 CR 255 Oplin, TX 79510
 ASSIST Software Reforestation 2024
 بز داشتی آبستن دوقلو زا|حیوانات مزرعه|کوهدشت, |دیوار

§ §

◆ Exercise prompt
The material above must be written out again in full, exactly.

◆ Solved problem
 CR 255 Oplin, TX 79510
 ASSIST Software Reforestation 2024
 بز داشتی آبستن دوقلو زا|حیوانات مزرعه|کوهدشت, |دیوار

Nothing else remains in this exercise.